À l’heure actuelle, une importante compagnie d’électricité américaine possède plus de 1 500 sous-stations électriques modélisées sous forme de nuages de points . Des équipes d’experts ont cartographié ces installations par numérisation laser 3D, aligné les données avec précision et livré les jeux de données finaux à la compagnie. Celle-ci dispose ainsi d’un enregistrement numérique détaillé de son infrastructure. Pourtant, dans de nombreux cas, ces précieuses données restent inaccessibles aux ingénieurs, aux planificateurs et aux équipes d’exploitation qui en ont besoin pour prendre des décisions.
Et cela n’a pratiquement rien donné, car les personnes qui devraient agir ne savent pas ouvrir un fichier de nuage de points, n’ont pas le logiciel nécessaire et n’ont pas les dix années de formation requises pour naviguer dans un océan de points sans s’y perdre.
Pourquoi les projets de transformation numérique industrielle stagnent-ils ?
Le véritable goulot d’étranglement de la transformation numérique industrielle réside dans le fait qu’il ne s’agit pas de la capture, mais de la numérisation elle-même. Le scan est la partie la plus simple. Le problème se pose ensuite : la livraison, l’accès, la prise de décision et l’adoption. C’est précisément le fossé entre un nuage de points sur un serveur et une équipe sur site qui connaît réellement son parc de données qui freine la plupart des initiatives de transformation numérique.

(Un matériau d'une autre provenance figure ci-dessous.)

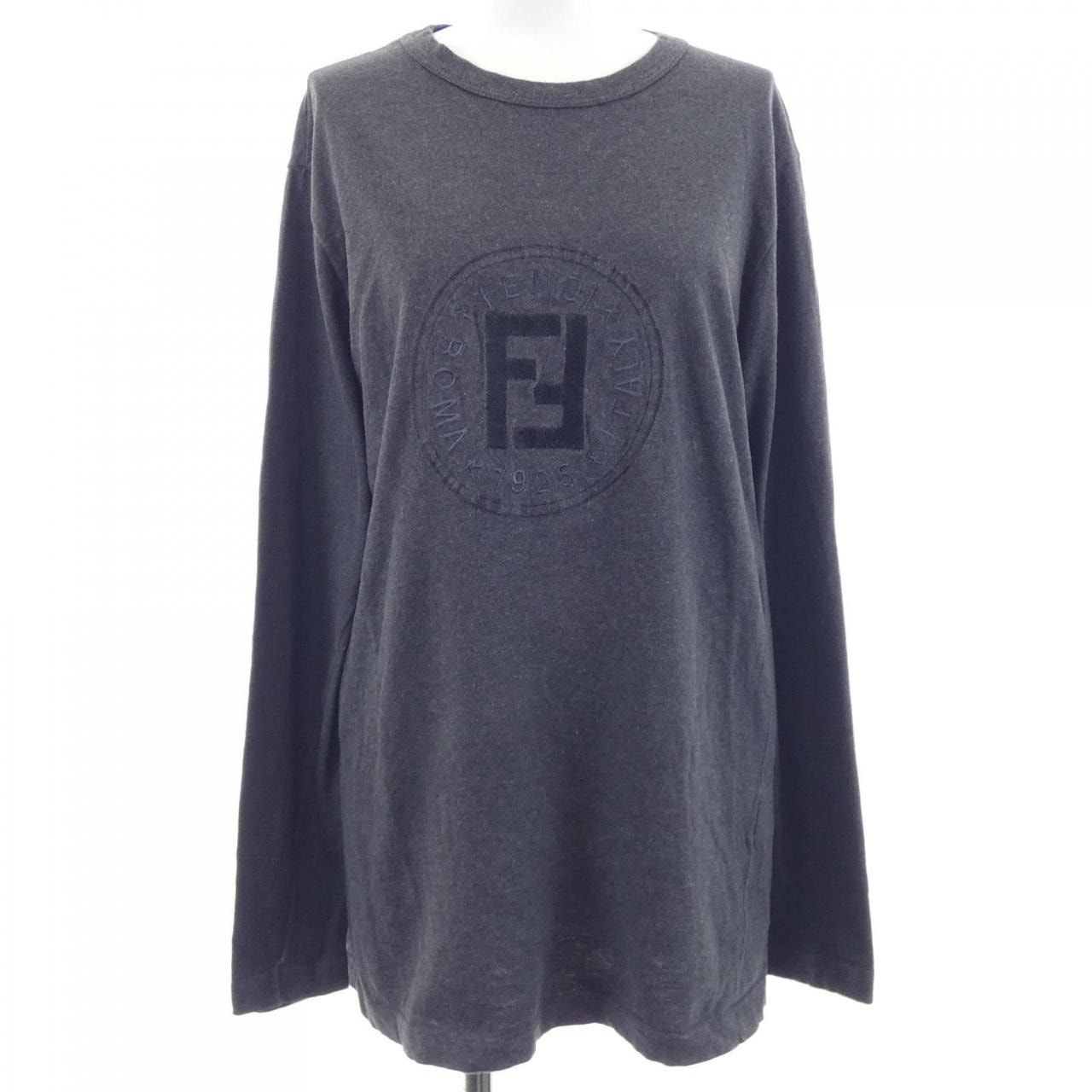 【ヴィンテージ】フェンディ FENDI Tシャツ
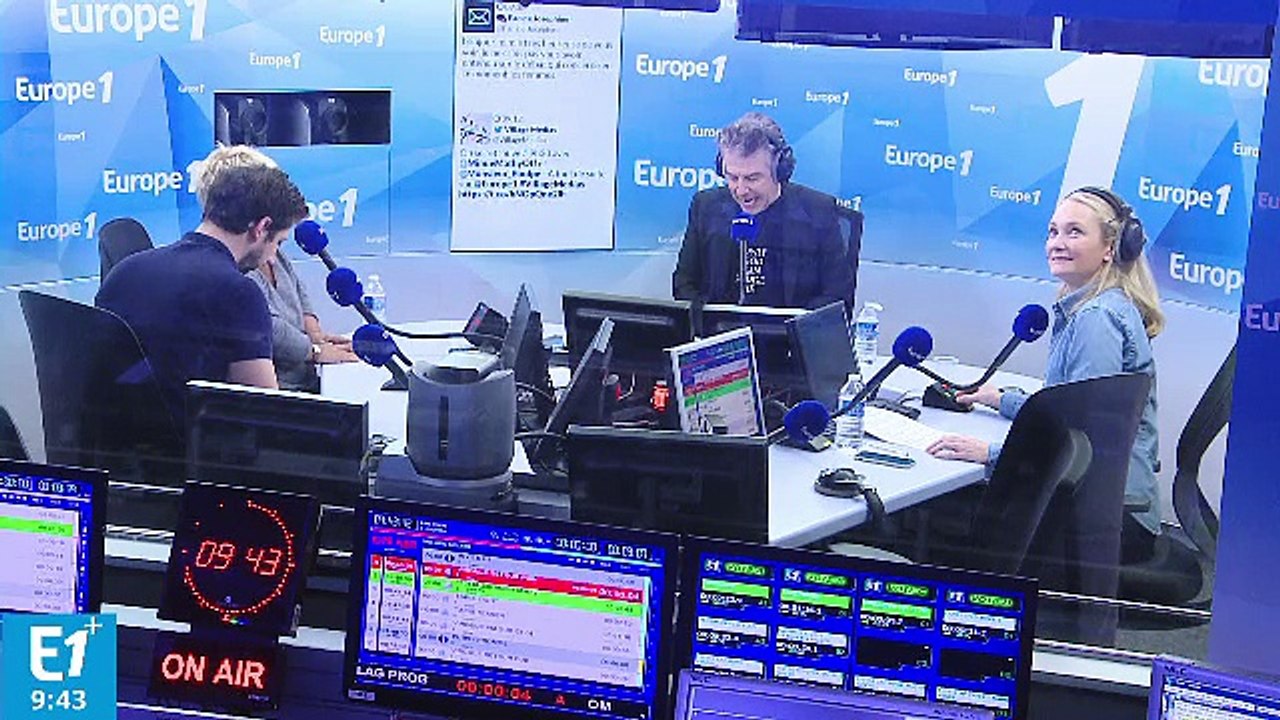 Mimie Mathy : "quand on vous attaque sur quelque chose que vous ne contrôlez pas, il vaut mieux répondre avec humour"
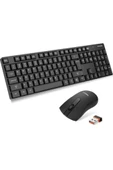 Philips C501 SPT6501B/00 Kablosuz Klavye Mouse Seti Outlet thumbnail 2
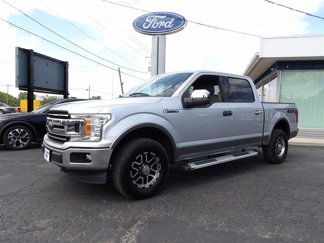 Used 2018 Ford F150 XLT image 1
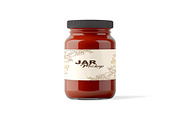 Jar Mockup, a Cups & Container Mockup by mockupbuys (Thumbnail 18 of 26)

Les jumeaux numériques transforment les données spatiales en décisions
Lors du CES 2025, le PDG de Siemens est monté sur scène aux côtés du PDG de Nvidia pour une conférence sur l’IA et les jumeaux numériques.
L’étude de cas principale portait sur PepsiCo, qui a démontré comment les jumeaux numériques accélèrent la prise de décision. En numérisant les installations et en travaillant dès le départ avec des données spatiales 3D précises, les équipes de PepsiCo ont validé les options d’aménagement et pris des décisions de planification cruciales des semaines avant la finalisation des modèles CAO.
Un projet précis a étudié la possibilité d’ajouter un niveau de rayonnage supplémentaire dans des entrepôts existants. L’ajout d’un cinquième niveau à un système à quatre niveaux représente 20 % de capacité de stockage supplémentaire sans construction. La solution a été validée numériquement, la décision a été prise rapidement et le projet a été mis en œuvre.
De la capture de la réalité à l’efficacité opérationnelle
Il en a résulté un gain d’efficacité de 20 % pour ces installations. La première étape pour y parvenir a consisté à scanner l’espace.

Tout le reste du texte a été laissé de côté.